Thank you for your time and help!

If you want to compact a decision tree, but you do not know which tree, set toCompact=NULL in Versions <1.29.6. In the newer versions, toCompact=TRUE has also the same meaning as toCompact=NULL, while in the older versions, toCompact=TRUE is unappropriate and leads to the above error. Copying from the docs in version 1.29.6:

"toCompact: An integer. The tree with this minPerLeaf value will be compacted (shrunk). Compacting in this context means reducing the number of required genes for the calculation of the relevant eigengenes and making the predictions using the tree. If TRUE or NULL (default), the (persumably) most general proper tree (corresponding to the largest value in the minPerLeaf vector for which a tree could be constructed) is compacted. Set to FALSE to turn off compacting."

I could not reproduce the error when I properly copied the previous commands from the vignette pdf in R. Are you sure you get the pigengene object right? E.g., do you get exactly the same output like below?

> print(pigengene$eigengenes[1:3,1:4])

                   ME1          ME2          ME3          ME0
GSM376049 -0.006958185 -0.002890136 -0.006020223  0.004971246
GSM376050 -0.003067442 -0.017728108  0.017231152 -0.001214384
GSM376051 -0.004466249  0.008799329  0.003679651 -0.002341427 

If so, can you run the command with higher detail, e.g., with verbose=4?

Thank you Dr. Zare for getting back to my inquires.

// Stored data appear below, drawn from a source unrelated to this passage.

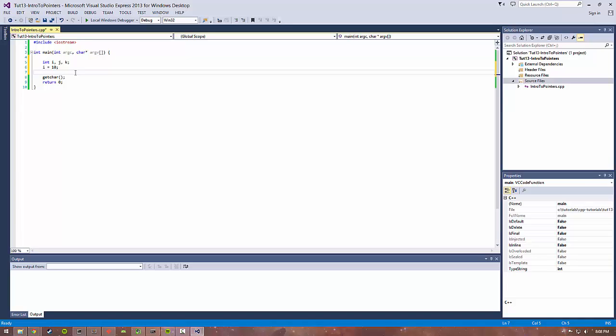Pointers enable us to basically access the location at which this value is stored, and we're able to manipulate the data directly from that address. The address is the index into that global array. Memory is pretty much laid out sequentially as a sequence of bits which compose bytes.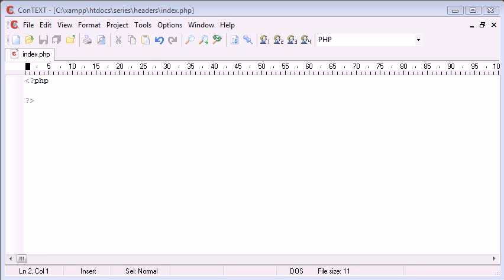Hello, this is Alex from phpacademy.org and this is a video tutorial for the New Boston. In this video tutorial we are going to be looking at the header function in PHP.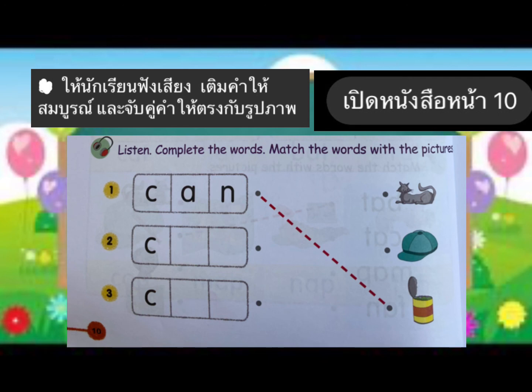Very good. Number two: C, blank, blank. Very good. Number three: C, blank, blank. Match the words with the pictures. Excellent. I'll see you next time.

Below is my full output I also ran the command with higher detail (verbose =4). The pigengene object should be the same as you had shown above. I'm wondering if there is an issue with paths since I am running this on a windows machine?

Part1 of demo Part2 of demo Part3 of demo

Your guess is true. We have not test on Windows. Are you running it on a virtual Ubuntu on Windows? The path shown in the line above the error message is weird. The following can help me to diagnose as I do not have access to a Windows machine:


print(file.path(saveDir, "test"))
print(normalizePath(file.path(saveDir, "test")))
print(file.path(normalizePath(saveDir, "test")))

print(Pigengene:::combinedPath(saveDir, "test"))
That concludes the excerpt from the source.